Schmidt liest Proust
Mittwoch, 16. August 2006

Regionalbahn Berlin-Frankfurt/Oder - II S.88-109

Gestern zeigte sich jemand überrascht, er hätte mir nicht zugetraut, daß ich Proust lese. Dabei dachte ich, man würde mir meinen versnobten Kulturgeschmack an der Nasenspitze ansehen, woran sonst sollte es liegen, daß sich Frauen instinktiv von mir fern halten. Es wäre sicher wünschenswert, wenn einem Leistungen und Qualitäten äußerlich anzusehen wären, dann könnte man zur Abschlußprüfung an der Universität einfach ein Paßfoto einreichen, anstatt eine demütigende Prozedur über sich ergehen lassen zu müssen. Andererseits führt das mimische Repräsentieren des eigenen Werts zu einer gewissen Steifheit im Ausdruck und zu den schrulligen Gesten, die Proust so schön beschreibt, und von denen ich meine, an den Menschen heute viel weniger zu beobachten. Man putzt sein Monokel nicht mehr auf zur eigenen Stellung passende Art, man versucht höchstens, die Zigarette individuell zu halten, aber da sind die Möglichkeiten begrenzt. Vielleicht sollte man sich auch im Gegenteil, wie Andy Warhol, bemühen, unsichtbar zu werden, je größer die Diskrepanz zwischen Leistung und Charisma, um so stärker lenkt man die Aufmerksamkeit auf die Leistung. Bzw. man hinterläßt mit seiner unspektakulären Erscheinung eine signifikante Leerstelle, die die Phantasie der Menschen anregt, sich die verborgenen Qualitäten an einem dazuzudenken, weil sich niemand vorstellen kann, daß so ein Würstchen solche Texte schreibt. Trotzdem ist es erschreckend zu erfahren, wie sehr man immer noch unterschätzt wird, und die Menschen, die das tun, verhalten sich ungefähr so naiv, wie jene Bewohner eines Dorfs am Fuß eines Vulkans, die nicht daran glauben, daß er je ausbrechen wird, einfach, weil es so unbequem für sie wäre.

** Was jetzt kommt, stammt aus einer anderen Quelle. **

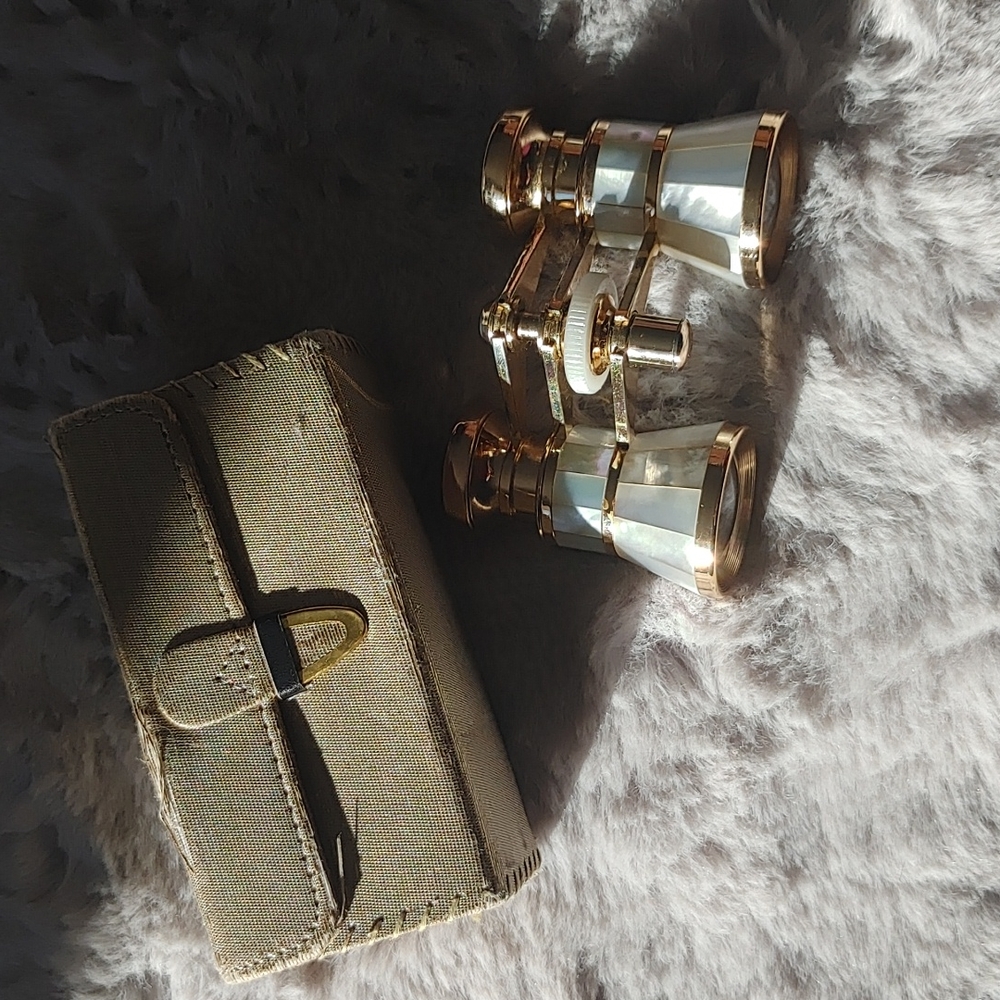 Admiral Vergutet Mother of Pearl Opera Glasses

S.88-109 Gilberte schreibt Marcel, er darf zu ihren Teegesellschaften erscheinen. Dort ißt er mehr Schokoladenkuchen, als sein Magen verkraftet, und trinkt viele Tassen Tee, wo ihn doch schon eine einzige 24 Stunden wachhält. Aber er ist im Haus der Swanns völlig benommen und vergißt alle Vorsichtsmaßregeln. Und dabei gibt es im Innern dieses Reiches das noch weit geheimere "in dem Swann und seine Frau ihr übernatürliches Dasein führten." Die Eltern der Freundin, ich habe nie verstanden, wie man sich, ohne sie zu kennen, für ein Mädchen entscheiden konnte. Gerade in jungen Jahren waren die Eltern ja doch der eigentlich interessante Teil an der Beziehung. Kein Wunder, daß Marcel nur stammeln kann, wenn er Swanns Bibliothek betreten darf und die neuesten Sammlerstücke gezeigt bekommt. Auch Odette sammelt, aber Menschen für ihren Salon. Hier guten Zuwachs zu gewinnen, ist für sie "wie ein Kolonialkrieg". Wobei gilt: "...daß ein großer Teil des Vergnügens, das eine Frau daran findet, in ein anderes Milieu als ihr bisheriges einzudringen, ihr abgehen würde, wenn sie nicht ihre alten Bekannten von den relativ glänzenden Beziehungen, die an ihre Stelle getreten sind, in Kenntnis setzen könnte." Heute nennt man es Networking. Ganz am Rande wird zum ersten mal Albertine erwähnt, ein Mädchen, das früher ein paar Klassen unter Gilberte in die Schule ging. Da sie später im Buch noch eine wichtige Rolle spielen wird, erwähne ich, daß sie erwähnt wird, obwohl ich eigentlich noch nicht wissen kann, daß es "ganz am Rande" geschieht. Aber ich habe mich ja auch längst entschlossen, das Buch, gleich nach Beendigung, noch ein zweites mal zu lesen, um die Wirkung solcher Effekte richtig genießen zu können. Es ist dabei wie mit der ungeküßten Odette, mit jeder Seite verabschiedet man sich für immer von einem Stück unbekanntem Proust.

Verlorene Praxis: - eine Nachricht über den Kanal kabeln.